明子さんのピアノ
清宮美稚子 (編集者・『世界』元編集長)
「被爆者 初めて10万人下回る 被爆の実相などの継承 課題に」――広島と長崎に原爆が投下されて80年、被爆者の数が今年3月末時点で9万9130人となり、初めて10万人を下回ったことが厚労省のまとめで分かったと、7月1日にNHKが報じた。被爆者の平均年齢は86.13歳だという。被爆の実相や核兵器廃絶への取り組みをどのように継承していくかという大きな課題を、この報道は危機感を持って伝えている。
被爆者団体の多くが高齢化で活動が難しくなり、存続が危ぶまれる状況の中、被爆者に代わって体験を語り継ぐ様々な取り組みも行われている。NHKの報道では、「被爆体験伝承者」や「家族・交流証言者」などが紹介されているが、ここでは、19歳で被爆死した河本明子さんと、明子さんが愛奏していたピアノの話を紹介したいと思う。音楽で原爆の記憶を伝え、未来に繋げる物語である。
明子さんの生い立ち
1888年広島県に生まれ、アメリカに渡ってカリフォルニアで保険会社の外交員を務めていた河本源吉さんと妻シヅ子さんの間に可愛い女の子が生まれたのは1926年5月25日のことだった。源吉さんは「養育日誌」をこまめにつけるなど、「明子」と名付けたその子を両親は慈しんで育てた。6歳になった頃、明子さんにピアノが与えられた。元々は源吉さんがシヅ子さんにプレゼントしたもので、明子さんが生まれた1926年に造られた米ボールドウィン社製のアップライトだった。
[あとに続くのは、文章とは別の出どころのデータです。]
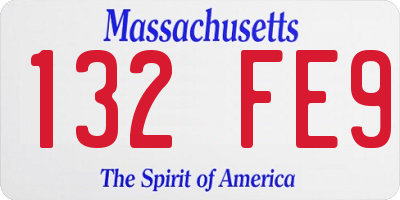 MA license plate 132FE9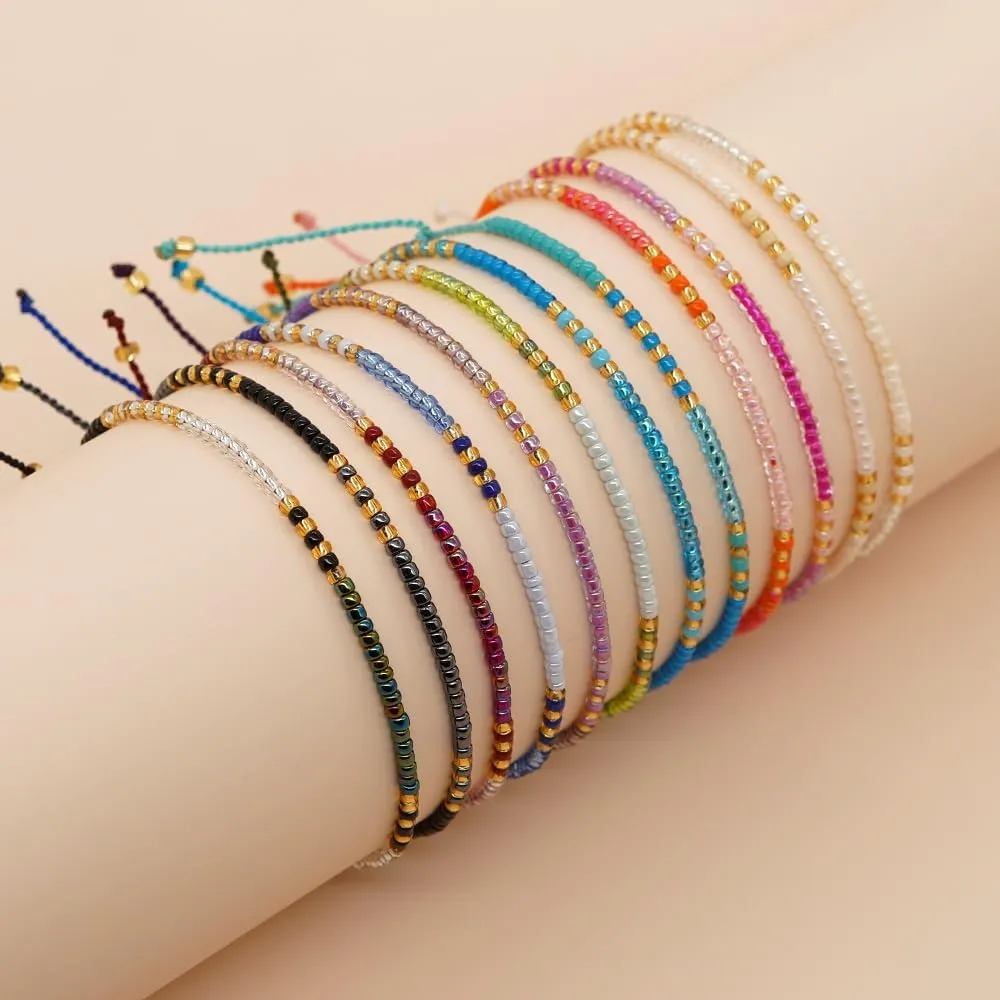 Handmade Boho Beaded Stackable Bracelets for Women, Cute Dainty Colorful Seed Beads Adjustable Rope Braided Bracelet Fashion Friendship Jewelry Gift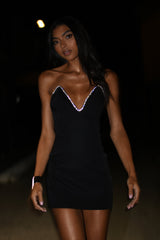 Madi Suiting Mini Dress With Diamante Rope - Black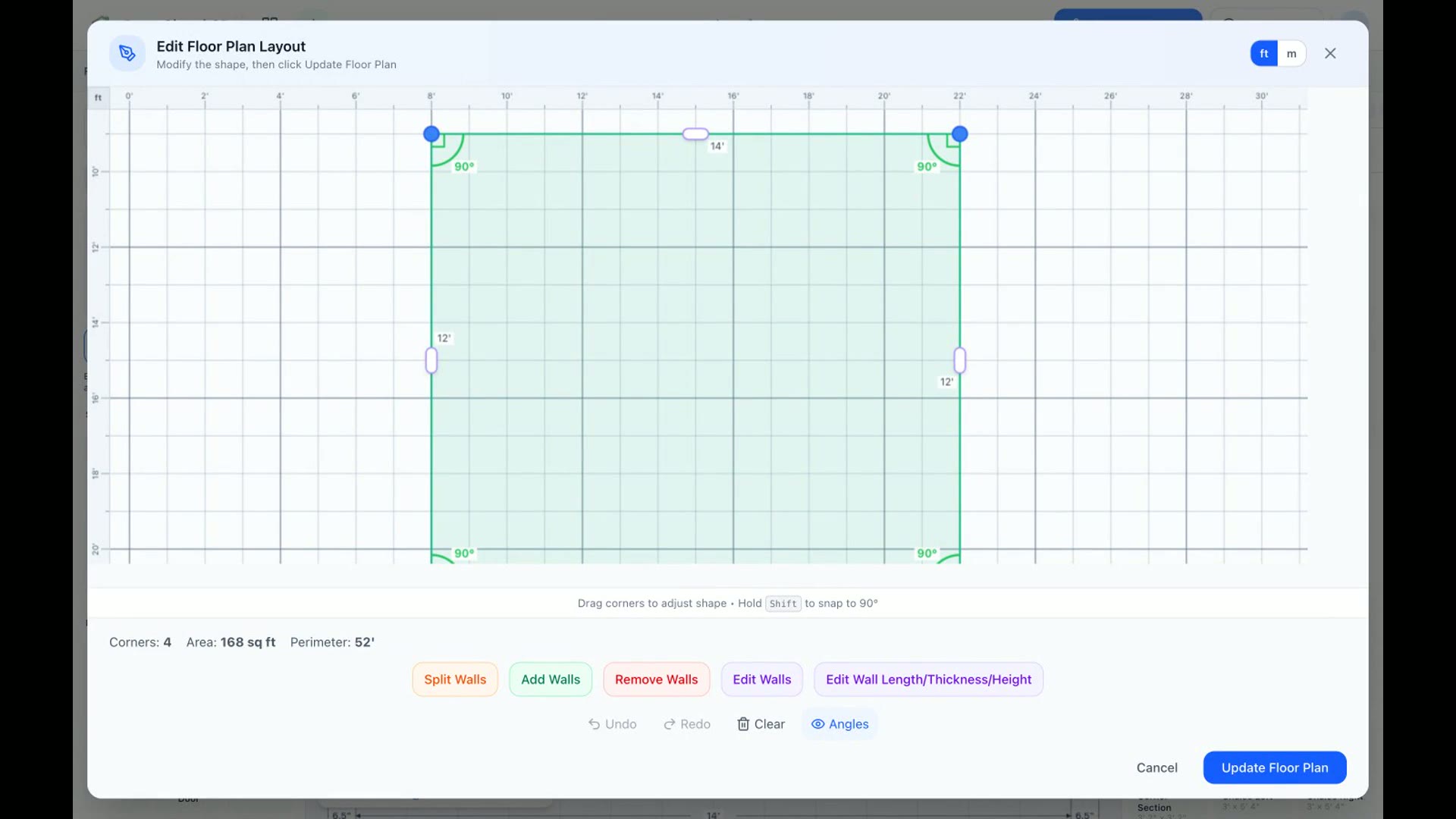 The Edit Floor Plan Layout editor with draggable corner handles, wall-length labels, and a toolbar
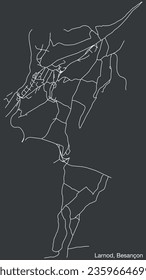 Detailed hand-drawn navigational urban street roads map of the LARNOD COMMUNE of the French city of BESANCON, France with vivid road lines and name tag on solid background
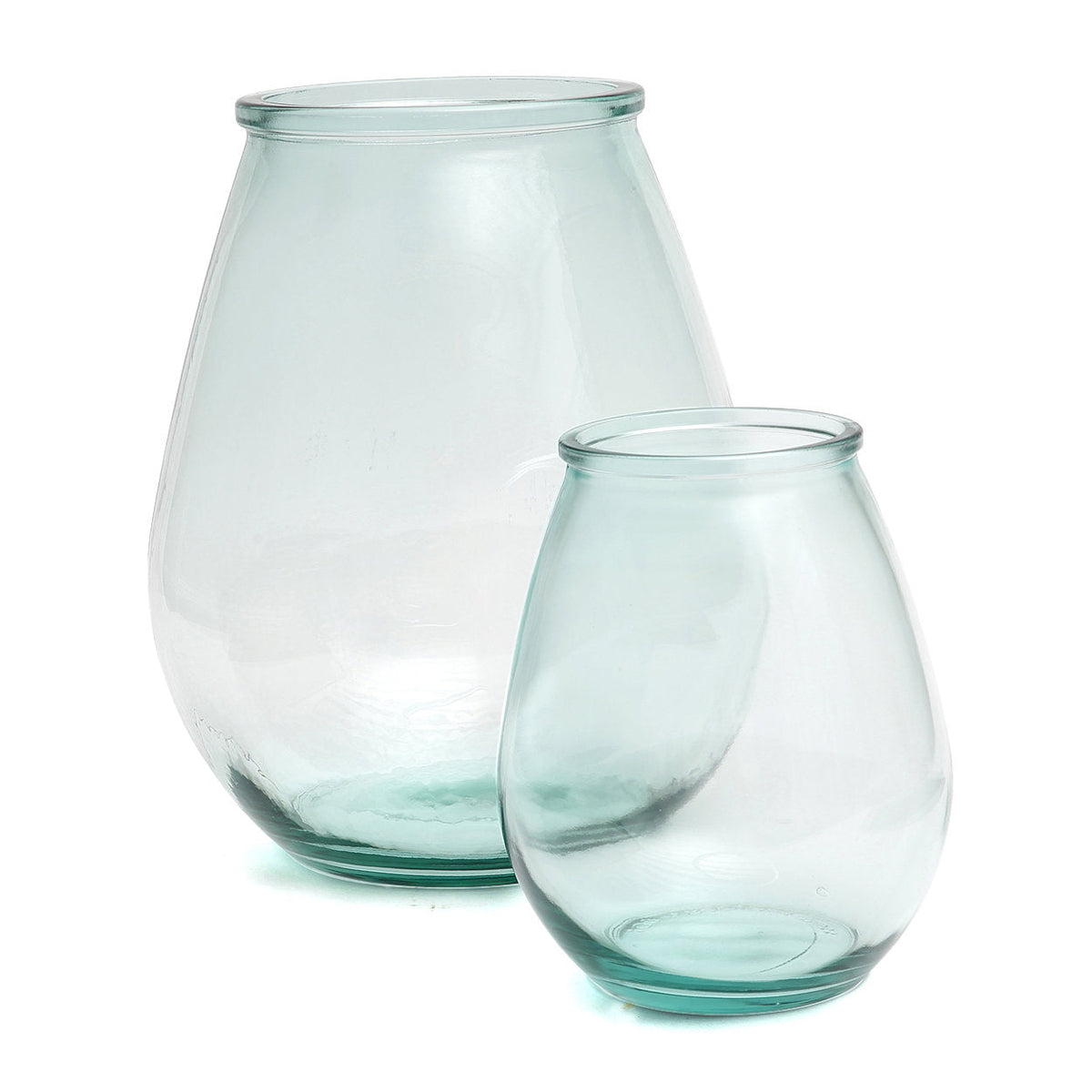 Vaas gerecycled glas Qiezi, blauw, 29 x 29 x 35 cm, voor bloemen of als decoratie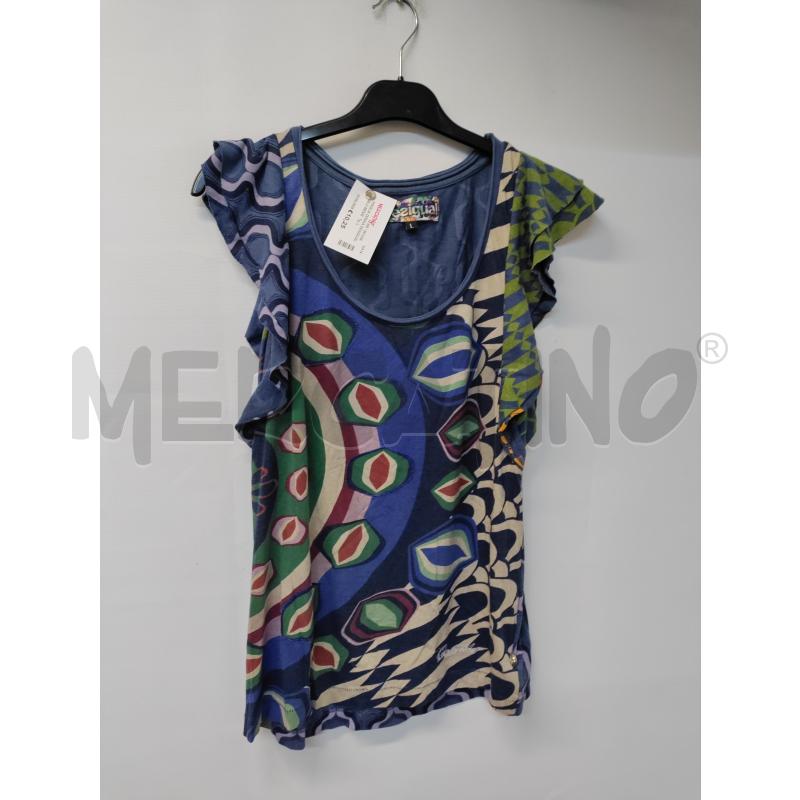 MAGLIA DONNA DESIGUAL BLU BEIGE | Mercatino dell'Usato Acerra 1
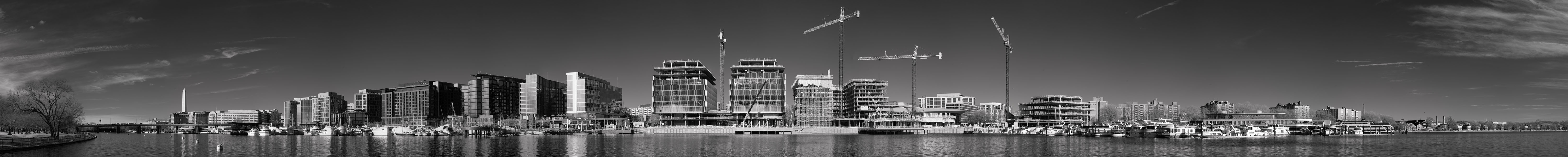 Extreme Infrared Panoramic Photo of Waterway, Marinas, Buildings, and Construction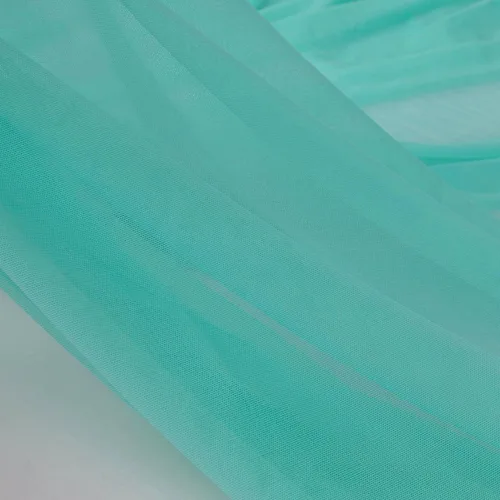 Vista 3 de Tela de malla elástica superfina de 4 vías, nailon spandex power mesh, ligera, transparente de 60" de ancho, 5 yardas continuas (Aqua)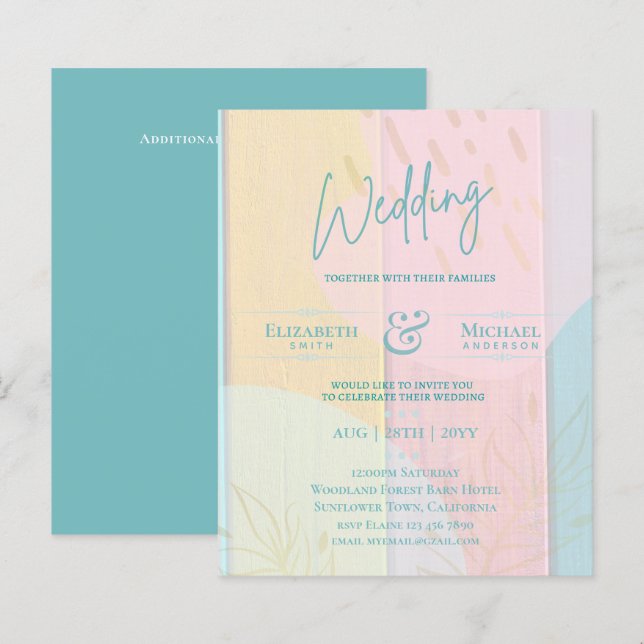 BUDGET Wedding Invite Teal Pink Gold Abstract (Front/Back)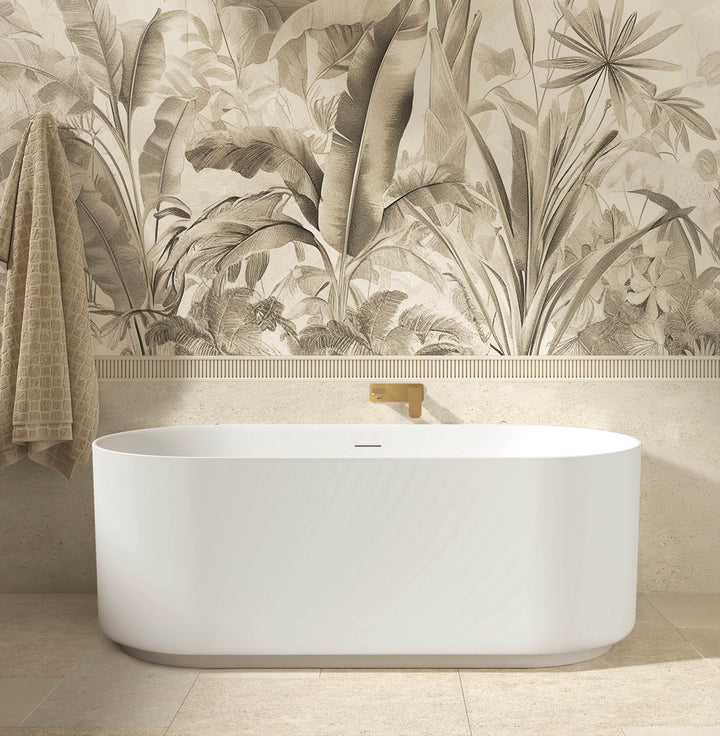 Attica Celine 1500 Matte White Bath with Overflow - main view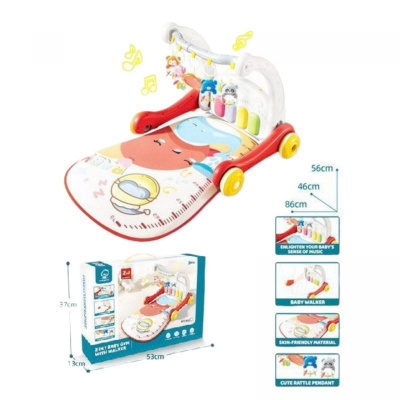 Каталка ігр.центр Перші кроки 2в1 з килимком батар.муз.світ.кор.53*13*37 см. XI NUO XING TOYS 982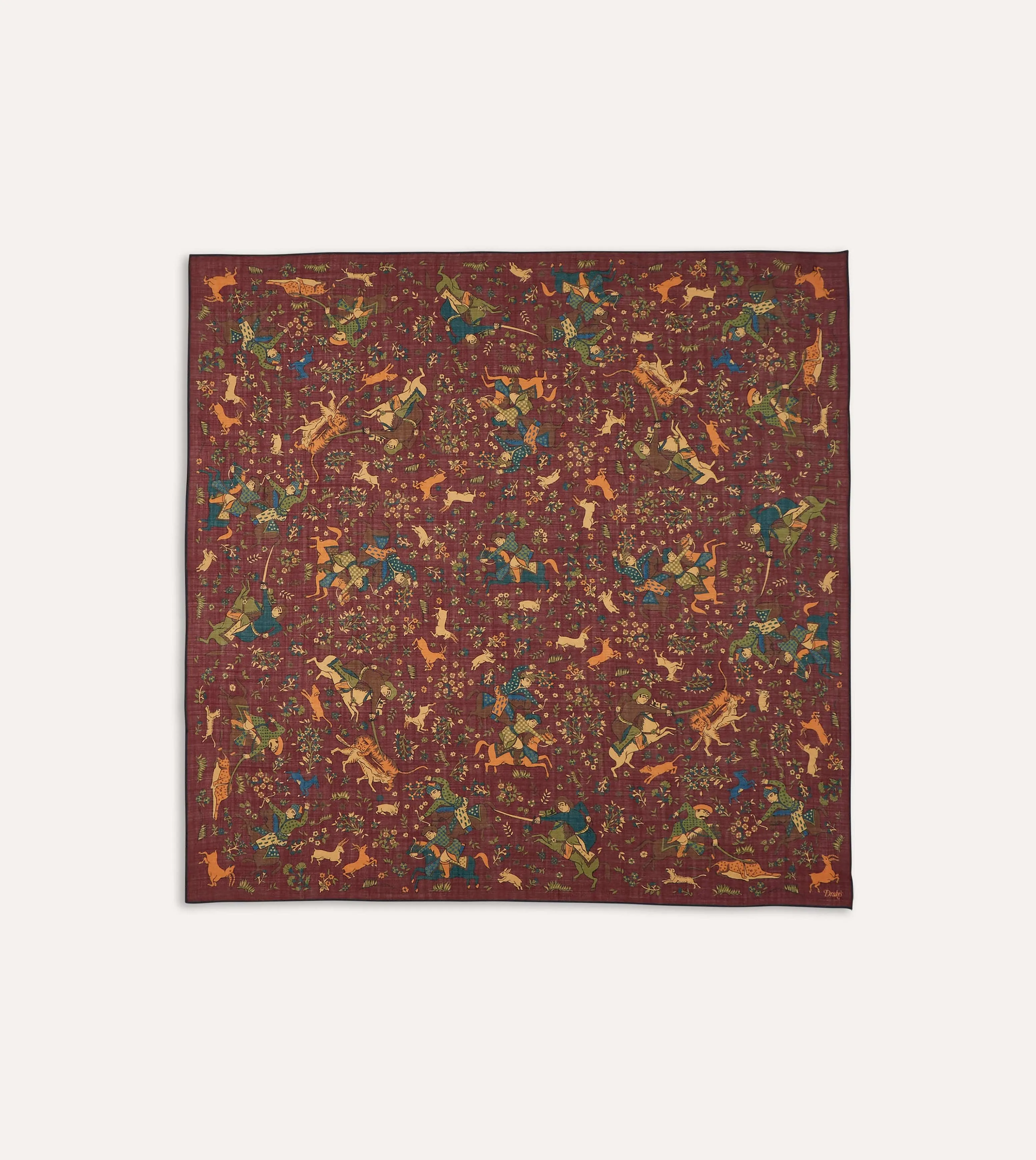 Burgundy Mughal Print Wool-Silk Square Scarf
アメリカでの反日感情の高まりなど、様々な要因があったようだが、河本さん一家は1933年1月に帰国し、故郷の広島で新生活を始めた。明子さんがちょうど幼稚園から小学校に上がる時期だった。明子さんのピアノも一家と一緒に海を渡った。しばらくして一家は広島の中心部から数キロ離れた三滝の丘に居を構えた。
すくすくと成長した明子さんは、ピアノのレッスンに通うだけでなく、学校のオーケストラに参加するなど、音楽が大好きだったようだ。1937年に日中戦争が起こってからは明子さんの生活にも戦争が影を落としはじめ、1939年、市立第一高女へ進学した頃からは、勤労奉仕へ出かけるようになる。1943年には女学院専門学校家事科(現広島女学院大学)に入学。戦況悪化の中でも、明子さんは勉強や、ピアノと音楽への情熱を持ち続けていたという。
1945年8月6日
その日、明子さんは朝から女学院に程近い税務署へ勤労奉仕に行っていた。体調が思わしくなかったが無理して出かけたという。爆心地からは約1キロの距離。明子さんは原爆の爆風で飛ばされ、気がつくとトラックの下に転がり込んでいた。
途中、渡らなければいけない川がある三滝の自宅まで、どうやって徒歩で戻ったのか、正確にはわかっていないが、明子さんは必死で帰ってきた。自宅近くで倒れているところを発見され、家に連れ帰った家族は明子さんを必死で看病したが、翌7日、息を引き取った。死因は急性放射線障害。両親は、明子さんの亡骸を自宅の庭で荼毘に付した。愛するわが子をこのような形で喪って、しかも自分たちの手で荼毘に付さなければならなかったとは、どんな気持ちだっただろうか、想像もできない。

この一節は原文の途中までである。